7/1/2016
Pablo Echenique
Todo lo que rodea a la discapacidad (o diversidad funcional, como a mucha gente le gusta llamarla), así como a su “hermana mayor” la dependencia, es a la vez triste y hermoso, normal y heterogéneo, injusto y una gran oportunidad.

La diversidad funcional (la discapacidad) nos grita a la cara que no existen los humanos promedio, aunque existan los entornos promedio. Nos habla de que no todos son hombres jóvenes, blancos y fuertes, aunque el mundo esté hecho para ellos porque su minoría es la que se ha impuesto y la que manda.

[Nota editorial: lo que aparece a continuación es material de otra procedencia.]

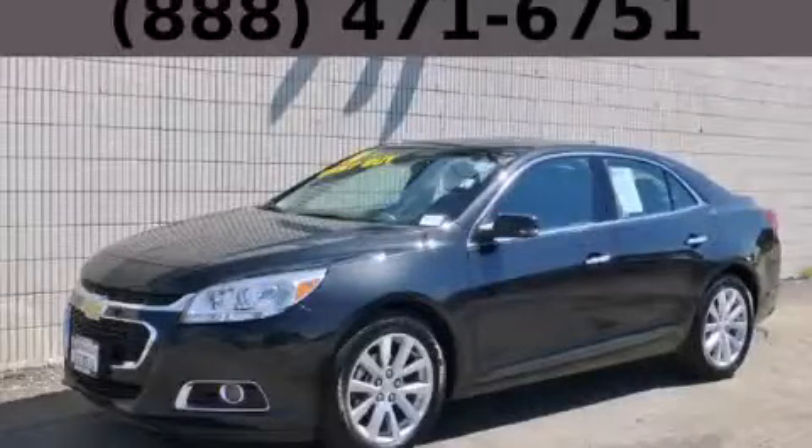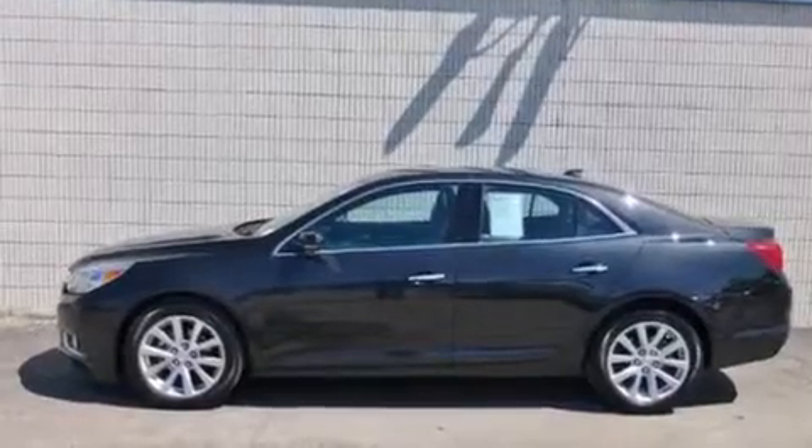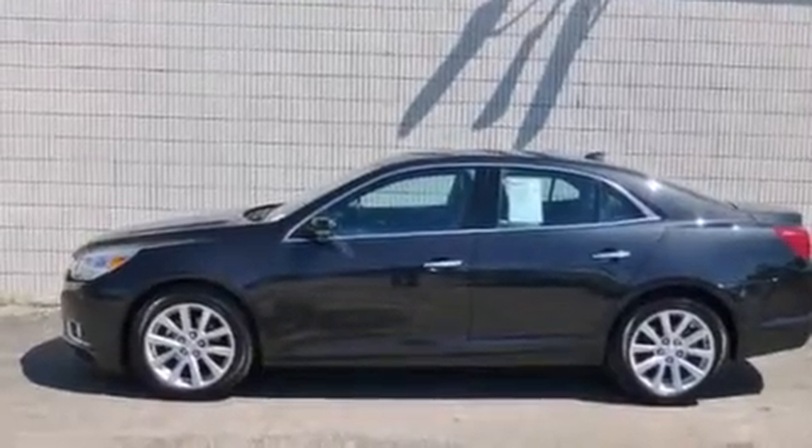This is a 2014 Chevrolet Malibu. It features a 2.5 liter 4-cylinder engine and an automatic transmission.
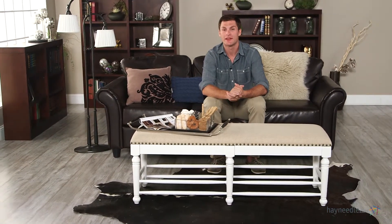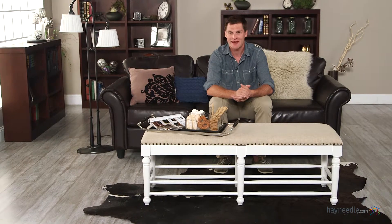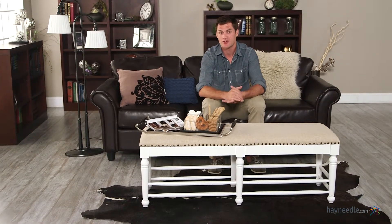Hi, I'm Mark with Hey Needle. A unique and transitional piece, the Bellum Living Cottage Spindle Bench can serve many uses both stylistically and functionally within your home.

La discapacidad y la dependencia nos dan miedo porque nos sacan de esa burbuja en la somos inmortales y en la que ni siquiera tenemos que repetirnos que “todo va a salir bien” porque hemos aprendido a vivir pensando que lo contrario es inconcebible. Nos dan miedo porque un simple accidente de moto o un gen mal avenido es todo lo que nos separa de ellas; a todos y a cada uno de nosotros.
En nuestra sociedad, además, discapacidad y dependencia significan pobreza… o al menos significan que la pobreza se acerca.
Según un estudio del CERMI, en 2011, la tasa de actividad de las personas con discapacidad en edad de trabajar era de un 37%; menos de la mitad que la de la población general, de un 75%. El mismo estudio nos dice que, en 2008, la tasa de discapacidad en hogares con ingresos inferiores a 500€ mensuales en los que viven mujeres, era del 30%. Mientras que, en el lado contrario, en los hogares con ingresos superiores a 3000€ euros mensuales, la tasa de discapacidad no llegaba al 4%.
Sí, la discapacidad es 7 veces menos habitual entre la clase media alta y los ricos que entre los pobres. Quizás por eso también nos da miedo y preferimos muchas veces no mirarla.
Por eso y porque la discapacidad muchas veces genera dependencia. Es decir, ocasiona que necesitemos de la ayuda de otra persona para llevar a cabo tareas básicas de la vida cotidiana, como levantarnos de la cama, ir al baño o vestirnos.